Federal Communication Commission Chairman Ajit Pai Friday defended the vote to end net neutrality, saying critics are getting "everything wrong" about the decision when they say it will ruin the internet.
"The free and open internet we had prior to 2015 is the one we're going to have moving forward," said Pai on Fox News' "Fox & Friends," while responding to complaints late night talk show host Jimmy Kimmel voiced Thursday night on his program.
"We have a free and open internet moving forward and the FCC and the Federal Trade Commission going forward are going to make sure that happens."
On his show Thursday, Kimmel called Pai a "jackhole" over the move to end net neutrality and allow "big corporations" to take "full control of the internet."
Pai said such names are "unbecoming of the seriousness of this debate," while not surprising.
"Those on the other side have literally nothing other to peddle than hysteria, misinformation, and fear than the light-touch approach that we would have for the internet's existence, said Pai.
Thursday's vote, he continued, means the end of the government's micromanagement of the internet.
"For 20 years before 2015, starting with President Bill Clinton, we decided we wanted to have a free-market approach, in which innovators could innovate and consumers could benefit, and the results speak for themselves," Pai said.
"Companies like Facebook and Amazon and Netflix and Google became global giants precisely because the government wasn't involved. That is the light-touch framework to which we are returning."
"Hysteria" over the move is "misplaced," said Pai, because moving forward, getting the regulatory system right means better, faster, and cheaper internet access for all Americans.
He also noted that lack of competition for internet providers is an issue, leaving many parts of the country with only one choice for service.

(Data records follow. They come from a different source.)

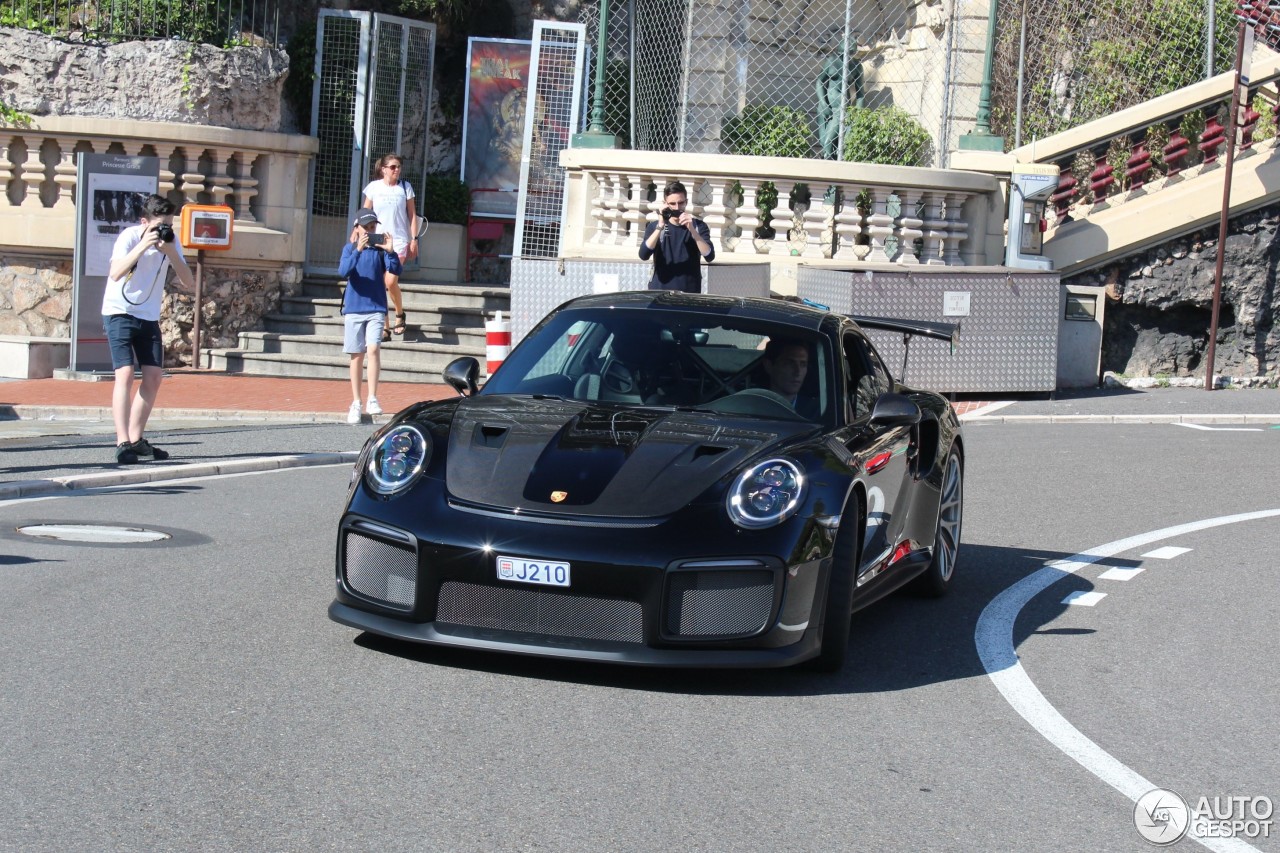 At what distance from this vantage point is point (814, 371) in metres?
7.23

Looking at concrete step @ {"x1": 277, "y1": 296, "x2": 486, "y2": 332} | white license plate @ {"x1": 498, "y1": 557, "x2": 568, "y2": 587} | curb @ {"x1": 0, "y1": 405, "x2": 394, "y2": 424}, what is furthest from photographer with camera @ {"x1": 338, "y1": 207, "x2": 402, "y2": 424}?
white license plate @ {"x1": 498, "y1": 557, "x2": 568, "y2": 587}

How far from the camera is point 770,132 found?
21.8 meters

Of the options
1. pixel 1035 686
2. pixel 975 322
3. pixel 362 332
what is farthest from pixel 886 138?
pixel 1035 686

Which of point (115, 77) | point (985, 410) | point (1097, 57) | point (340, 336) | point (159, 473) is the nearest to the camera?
point (159, 473)

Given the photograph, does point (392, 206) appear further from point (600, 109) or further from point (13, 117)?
point (13, 117)

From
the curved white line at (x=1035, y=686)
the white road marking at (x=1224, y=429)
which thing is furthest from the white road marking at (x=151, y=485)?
the white road marking at (x=1224, y=429)

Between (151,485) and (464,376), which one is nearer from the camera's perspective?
(464,376)

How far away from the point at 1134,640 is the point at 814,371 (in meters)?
1.81

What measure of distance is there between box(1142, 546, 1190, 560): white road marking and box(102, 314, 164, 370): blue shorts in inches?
260

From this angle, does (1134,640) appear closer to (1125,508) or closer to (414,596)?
(414,596)

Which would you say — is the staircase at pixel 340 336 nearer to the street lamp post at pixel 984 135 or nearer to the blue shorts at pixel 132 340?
the street lamp post at pixel 984 135

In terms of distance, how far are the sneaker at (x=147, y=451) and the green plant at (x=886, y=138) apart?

"The solution is more competition, not heavier government regulation that makes it harder," said Pai. Further, the FCC and FTC will continue "to be cops," to be sure the competition does not go away.
He also said there is a "lot of misinformation" about whether ending net neutrality will slow down the internet.
"Think about how far we have come, the starting years until these rules were adopted in 2015," Pai said. "We went from 28k modems to gigabit fiber. So going forward, the internet is going to speed up, we're going to see better and faster and cheaper services all across the board, and that's exactly what these rules, which were after all the Clinton-era rules that served us so well are calibrated to do."
He also said he believes if Hillary Clinton had won the presidential election and net neutrality continued, the internet would have been even more heavily regulated.
"They would have banned, for example, free data offerings by wireless companies where the wireless company will say you can stream data, your music, video and the like exempt from any data limits," said Pai.
"They would have banned that and probably got into price regulation, which is essentially the government deciding how these businesses are going to operate. So there's no telling how far they would have gone. It would have been limited only by their own imagination."